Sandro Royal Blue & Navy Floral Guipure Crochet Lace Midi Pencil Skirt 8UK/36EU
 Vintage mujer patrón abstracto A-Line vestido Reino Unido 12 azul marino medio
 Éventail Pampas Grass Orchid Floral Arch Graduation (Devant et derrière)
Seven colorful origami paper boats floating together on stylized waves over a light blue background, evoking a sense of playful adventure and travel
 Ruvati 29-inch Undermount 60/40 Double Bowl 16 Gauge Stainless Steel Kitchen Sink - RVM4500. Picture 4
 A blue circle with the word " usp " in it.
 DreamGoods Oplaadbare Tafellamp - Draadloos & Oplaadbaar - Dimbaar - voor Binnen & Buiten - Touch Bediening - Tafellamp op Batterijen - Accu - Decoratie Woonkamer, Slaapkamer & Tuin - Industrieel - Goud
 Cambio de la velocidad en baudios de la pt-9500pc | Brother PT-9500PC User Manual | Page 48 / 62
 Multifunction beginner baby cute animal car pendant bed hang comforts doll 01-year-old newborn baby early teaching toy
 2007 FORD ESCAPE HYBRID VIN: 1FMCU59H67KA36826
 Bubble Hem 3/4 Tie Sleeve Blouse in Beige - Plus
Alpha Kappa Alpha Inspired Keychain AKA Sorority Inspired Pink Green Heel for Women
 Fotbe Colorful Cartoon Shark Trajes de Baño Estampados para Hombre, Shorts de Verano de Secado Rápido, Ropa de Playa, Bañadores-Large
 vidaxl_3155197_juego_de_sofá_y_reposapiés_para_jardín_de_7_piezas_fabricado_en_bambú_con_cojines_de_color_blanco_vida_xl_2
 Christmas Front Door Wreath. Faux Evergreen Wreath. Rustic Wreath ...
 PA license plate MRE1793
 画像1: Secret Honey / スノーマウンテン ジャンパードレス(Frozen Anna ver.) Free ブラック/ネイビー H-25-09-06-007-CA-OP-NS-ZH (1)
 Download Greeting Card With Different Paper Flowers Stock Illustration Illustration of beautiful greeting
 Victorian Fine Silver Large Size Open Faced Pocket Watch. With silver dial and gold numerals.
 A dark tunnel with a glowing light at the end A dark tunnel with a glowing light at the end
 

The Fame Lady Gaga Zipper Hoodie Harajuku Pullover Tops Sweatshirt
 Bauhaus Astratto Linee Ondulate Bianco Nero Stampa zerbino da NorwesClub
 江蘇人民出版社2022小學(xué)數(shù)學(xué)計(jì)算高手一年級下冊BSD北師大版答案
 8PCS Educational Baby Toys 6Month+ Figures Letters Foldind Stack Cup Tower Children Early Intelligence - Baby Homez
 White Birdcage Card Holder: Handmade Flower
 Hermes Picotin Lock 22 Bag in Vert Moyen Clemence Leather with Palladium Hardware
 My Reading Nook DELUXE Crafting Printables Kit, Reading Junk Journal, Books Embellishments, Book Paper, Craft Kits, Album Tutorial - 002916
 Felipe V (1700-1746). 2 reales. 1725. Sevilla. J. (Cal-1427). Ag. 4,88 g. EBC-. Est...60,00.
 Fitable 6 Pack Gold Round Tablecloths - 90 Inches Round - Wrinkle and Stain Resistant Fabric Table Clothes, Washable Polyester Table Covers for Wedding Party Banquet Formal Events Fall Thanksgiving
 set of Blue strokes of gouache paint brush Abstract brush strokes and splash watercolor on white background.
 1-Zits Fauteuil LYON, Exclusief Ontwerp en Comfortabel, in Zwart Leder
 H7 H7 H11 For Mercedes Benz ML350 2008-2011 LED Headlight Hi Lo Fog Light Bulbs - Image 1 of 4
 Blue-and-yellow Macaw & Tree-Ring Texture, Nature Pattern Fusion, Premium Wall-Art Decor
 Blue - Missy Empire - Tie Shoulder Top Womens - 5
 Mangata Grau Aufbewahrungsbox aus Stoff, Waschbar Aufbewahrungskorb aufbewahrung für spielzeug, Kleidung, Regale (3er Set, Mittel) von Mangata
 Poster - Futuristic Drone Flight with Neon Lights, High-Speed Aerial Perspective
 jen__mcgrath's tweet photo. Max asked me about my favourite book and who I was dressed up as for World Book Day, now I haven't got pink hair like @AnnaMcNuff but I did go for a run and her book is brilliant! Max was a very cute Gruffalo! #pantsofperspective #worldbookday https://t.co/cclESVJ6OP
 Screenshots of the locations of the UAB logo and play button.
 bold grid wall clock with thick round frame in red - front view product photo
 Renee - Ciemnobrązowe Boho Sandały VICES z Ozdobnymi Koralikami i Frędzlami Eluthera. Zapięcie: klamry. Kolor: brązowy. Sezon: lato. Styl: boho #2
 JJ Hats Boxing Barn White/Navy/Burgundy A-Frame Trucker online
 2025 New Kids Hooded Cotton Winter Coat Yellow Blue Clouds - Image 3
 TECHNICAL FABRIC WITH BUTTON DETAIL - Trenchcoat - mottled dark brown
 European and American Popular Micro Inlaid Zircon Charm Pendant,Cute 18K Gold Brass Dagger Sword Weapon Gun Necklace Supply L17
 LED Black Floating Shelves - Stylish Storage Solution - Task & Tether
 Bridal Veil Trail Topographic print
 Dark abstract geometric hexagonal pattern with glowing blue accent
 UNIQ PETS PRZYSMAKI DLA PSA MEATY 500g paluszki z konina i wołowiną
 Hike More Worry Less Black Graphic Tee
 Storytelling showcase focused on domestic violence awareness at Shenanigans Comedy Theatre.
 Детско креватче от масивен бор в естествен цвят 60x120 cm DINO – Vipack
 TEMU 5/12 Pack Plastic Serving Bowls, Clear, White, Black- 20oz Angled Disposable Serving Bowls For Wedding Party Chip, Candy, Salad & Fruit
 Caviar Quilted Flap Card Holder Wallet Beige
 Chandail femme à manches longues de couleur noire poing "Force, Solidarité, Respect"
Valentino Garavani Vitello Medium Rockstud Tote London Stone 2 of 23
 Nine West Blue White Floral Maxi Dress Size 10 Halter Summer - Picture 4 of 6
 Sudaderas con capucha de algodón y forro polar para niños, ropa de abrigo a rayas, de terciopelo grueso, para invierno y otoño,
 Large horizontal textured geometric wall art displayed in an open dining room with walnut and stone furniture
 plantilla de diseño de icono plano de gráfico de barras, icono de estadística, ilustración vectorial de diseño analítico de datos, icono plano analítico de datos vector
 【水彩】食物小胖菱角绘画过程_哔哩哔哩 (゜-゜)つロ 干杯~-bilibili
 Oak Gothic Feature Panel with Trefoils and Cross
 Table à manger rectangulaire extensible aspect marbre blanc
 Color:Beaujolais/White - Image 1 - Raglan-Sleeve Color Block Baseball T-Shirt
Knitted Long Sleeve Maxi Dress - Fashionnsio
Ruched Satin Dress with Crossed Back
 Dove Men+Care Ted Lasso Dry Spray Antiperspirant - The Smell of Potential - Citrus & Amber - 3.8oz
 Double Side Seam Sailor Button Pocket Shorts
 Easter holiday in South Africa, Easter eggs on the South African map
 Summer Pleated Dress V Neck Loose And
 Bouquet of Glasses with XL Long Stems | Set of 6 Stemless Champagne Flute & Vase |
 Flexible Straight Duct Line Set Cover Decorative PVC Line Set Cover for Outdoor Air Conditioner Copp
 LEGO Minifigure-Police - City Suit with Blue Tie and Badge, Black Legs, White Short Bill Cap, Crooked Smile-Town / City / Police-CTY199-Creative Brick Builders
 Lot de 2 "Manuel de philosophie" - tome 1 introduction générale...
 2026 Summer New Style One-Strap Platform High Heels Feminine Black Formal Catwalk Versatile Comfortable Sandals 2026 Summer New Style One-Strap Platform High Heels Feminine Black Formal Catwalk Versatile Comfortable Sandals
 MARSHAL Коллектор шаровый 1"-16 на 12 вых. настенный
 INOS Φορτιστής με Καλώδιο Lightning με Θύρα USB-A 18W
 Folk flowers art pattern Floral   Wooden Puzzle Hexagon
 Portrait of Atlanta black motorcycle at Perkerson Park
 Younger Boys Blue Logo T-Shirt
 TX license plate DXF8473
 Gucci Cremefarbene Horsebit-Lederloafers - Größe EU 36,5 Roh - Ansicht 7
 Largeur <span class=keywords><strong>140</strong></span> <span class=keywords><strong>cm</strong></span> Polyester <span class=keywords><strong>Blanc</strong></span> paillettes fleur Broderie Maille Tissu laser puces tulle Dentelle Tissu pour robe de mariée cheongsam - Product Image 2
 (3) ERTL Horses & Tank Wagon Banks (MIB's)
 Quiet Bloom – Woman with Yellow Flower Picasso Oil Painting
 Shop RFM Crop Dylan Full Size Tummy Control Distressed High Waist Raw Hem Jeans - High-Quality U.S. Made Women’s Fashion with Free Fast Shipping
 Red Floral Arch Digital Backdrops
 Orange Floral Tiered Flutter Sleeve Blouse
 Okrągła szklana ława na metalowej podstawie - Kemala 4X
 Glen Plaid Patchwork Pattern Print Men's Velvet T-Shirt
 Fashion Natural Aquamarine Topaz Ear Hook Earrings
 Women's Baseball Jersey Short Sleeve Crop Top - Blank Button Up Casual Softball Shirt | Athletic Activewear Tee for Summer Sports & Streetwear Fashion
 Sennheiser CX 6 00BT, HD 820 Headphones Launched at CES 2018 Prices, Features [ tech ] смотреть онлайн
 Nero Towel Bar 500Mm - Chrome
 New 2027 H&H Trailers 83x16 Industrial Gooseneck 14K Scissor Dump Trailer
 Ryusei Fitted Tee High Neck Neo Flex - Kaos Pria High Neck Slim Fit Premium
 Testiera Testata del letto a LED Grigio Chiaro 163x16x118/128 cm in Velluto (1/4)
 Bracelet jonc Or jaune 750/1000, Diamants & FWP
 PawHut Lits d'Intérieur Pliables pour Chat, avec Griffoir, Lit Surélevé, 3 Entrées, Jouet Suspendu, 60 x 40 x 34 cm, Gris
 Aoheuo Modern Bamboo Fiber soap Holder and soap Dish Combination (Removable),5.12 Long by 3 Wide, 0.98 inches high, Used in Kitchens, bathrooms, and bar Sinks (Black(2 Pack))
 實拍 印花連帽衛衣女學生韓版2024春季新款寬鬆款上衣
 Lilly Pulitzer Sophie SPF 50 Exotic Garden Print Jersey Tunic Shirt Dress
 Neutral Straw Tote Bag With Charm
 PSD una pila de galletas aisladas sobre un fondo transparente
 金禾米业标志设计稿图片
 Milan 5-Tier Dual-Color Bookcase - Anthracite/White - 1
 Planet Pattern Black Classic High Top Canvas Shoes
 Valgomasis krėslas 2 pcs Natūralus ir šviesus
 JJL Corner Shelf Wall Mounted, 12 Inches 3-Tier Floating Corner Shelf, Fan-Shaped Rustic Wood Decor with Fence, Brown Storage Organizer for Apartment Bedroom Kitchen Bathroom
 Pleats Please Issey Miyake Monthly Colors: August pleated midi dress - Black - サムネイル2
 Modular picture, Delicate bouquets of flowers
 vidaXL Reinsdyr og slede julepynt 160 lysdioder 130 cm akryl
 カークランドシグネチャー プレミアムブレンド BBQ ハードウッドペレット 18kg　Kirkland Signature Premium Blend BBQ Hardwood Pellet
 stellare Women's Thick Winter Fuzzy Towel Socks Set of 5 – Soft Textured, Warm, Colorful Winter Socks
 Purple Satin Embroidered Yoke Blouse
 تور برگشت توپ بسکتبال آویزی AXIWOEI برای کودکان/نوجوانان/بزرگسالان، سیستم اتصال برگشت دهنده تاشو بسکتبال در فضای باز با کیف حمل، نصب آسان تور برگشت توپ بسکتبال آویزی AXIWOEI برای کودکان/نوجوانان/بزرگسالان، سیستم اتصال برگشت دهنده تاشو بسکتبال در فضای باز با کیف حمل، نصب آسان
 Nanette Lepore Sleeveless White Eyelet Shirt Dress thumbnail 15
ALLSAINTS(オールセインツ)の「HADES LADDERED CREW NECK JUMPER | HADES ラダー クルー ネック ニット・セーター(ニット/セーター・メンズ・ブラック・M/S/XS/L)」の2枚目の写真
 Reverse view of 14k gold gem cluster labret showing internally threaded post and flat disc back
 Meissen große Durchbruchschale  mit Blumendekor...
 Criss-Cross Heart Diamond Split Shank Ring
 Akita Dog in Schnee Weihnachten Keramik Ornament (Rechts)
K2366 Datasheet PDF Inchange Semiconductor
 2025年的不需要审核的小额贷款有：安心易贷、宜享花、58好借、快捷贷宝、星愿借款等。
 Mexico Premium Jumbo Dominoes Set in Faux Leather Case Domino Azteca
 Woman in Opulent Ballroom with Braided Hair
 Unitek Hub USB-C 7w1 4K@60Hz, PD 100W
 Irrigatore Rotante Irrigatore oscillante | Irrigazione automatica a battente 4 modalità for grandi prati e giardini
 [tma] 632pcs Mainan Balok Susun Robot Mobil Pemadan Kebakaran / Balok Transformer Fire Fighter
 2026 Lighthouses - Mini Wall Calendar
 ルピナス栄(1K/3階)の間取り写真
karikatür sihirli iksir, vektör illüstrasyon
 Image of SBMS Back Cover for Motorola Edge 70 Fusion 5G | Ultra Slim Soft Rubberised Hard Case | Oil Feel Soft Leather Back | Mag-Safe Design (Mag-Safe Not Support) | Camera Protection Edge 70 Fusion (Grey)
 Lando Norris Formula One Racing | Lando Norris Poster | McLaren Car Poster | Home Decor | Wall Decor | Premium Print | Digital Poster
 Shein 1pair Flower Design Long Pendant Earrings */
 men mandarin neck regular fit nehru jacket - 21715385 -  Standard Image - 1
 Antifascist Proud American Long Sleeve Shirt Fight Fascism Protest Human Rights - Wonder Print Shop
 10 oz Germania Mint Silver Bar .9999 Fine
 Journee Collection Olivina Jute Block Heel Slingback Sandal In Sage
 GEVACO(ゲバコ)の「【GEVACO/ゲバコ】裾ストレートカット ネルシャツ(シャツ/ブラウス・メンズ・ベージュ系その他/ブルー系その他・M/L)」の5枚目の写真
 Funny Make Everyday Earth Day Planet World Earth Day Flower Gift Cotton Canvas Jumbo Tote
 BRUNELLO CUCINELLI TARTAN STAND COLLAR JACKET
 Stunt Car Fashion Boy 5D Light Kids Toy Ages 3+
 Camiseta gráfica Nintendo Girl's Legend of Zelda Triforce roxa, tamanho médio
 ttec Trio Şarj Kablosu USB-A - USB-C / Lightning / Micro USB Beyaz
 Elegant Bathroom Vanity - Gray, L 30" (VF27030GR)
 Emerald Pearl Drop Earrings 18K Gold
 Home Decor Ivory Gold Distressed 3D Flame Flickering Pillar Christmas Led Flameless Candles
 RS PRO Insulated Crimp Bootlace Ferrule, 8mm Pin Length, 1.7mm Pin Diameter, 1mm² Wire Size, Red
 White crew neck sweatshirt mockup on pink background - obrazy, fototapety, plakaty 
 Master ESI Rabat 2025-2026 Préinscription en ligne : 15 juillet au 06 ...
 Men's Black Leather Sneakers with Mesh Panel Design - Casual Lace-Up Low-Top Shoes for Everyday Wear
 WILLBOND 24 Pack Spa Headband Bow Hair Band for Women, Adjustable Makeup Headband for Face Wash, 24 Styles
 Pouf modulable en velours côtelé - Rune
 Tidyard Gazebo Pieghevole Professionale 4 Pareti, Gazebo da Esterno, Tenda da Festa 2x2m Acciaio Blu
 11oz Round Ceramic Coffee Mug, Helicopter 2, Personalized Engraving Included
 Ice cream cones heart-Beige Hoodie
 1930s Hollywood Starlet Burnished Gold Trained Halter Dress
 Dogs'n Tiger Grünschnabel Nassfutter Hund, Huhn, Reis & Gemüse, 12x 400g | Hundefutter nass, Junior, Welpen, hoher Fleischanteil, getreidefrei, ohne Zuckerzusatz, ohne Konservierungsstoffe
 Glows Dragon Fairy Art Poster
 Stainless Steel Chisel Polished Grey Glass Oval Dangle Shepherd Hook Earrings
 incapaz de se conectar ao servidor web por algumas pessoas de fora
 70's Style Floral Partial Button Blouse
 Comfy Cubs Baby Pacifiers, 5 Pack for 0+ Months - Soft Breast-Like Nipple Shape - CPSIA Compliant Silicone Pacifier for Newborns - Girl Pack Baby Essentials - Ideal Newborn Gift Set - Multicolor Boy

══════

-- Task to complete --
All lines of the records above that contain the word "Rustic" are to be copied out.

-- Exercise response --
 Christmas Front Door Wreath. Faux Evergreen Wreath. Rustic Wreath ...
 JJL Corner Shelf Wall Mounted, 12 Inches 3-Tier Floating Corner Shelf, Fan-Shaped Rustic Wood Decor with Fence, Brown Storage Organizer for Apartment Bedroom Kitchen Bathroom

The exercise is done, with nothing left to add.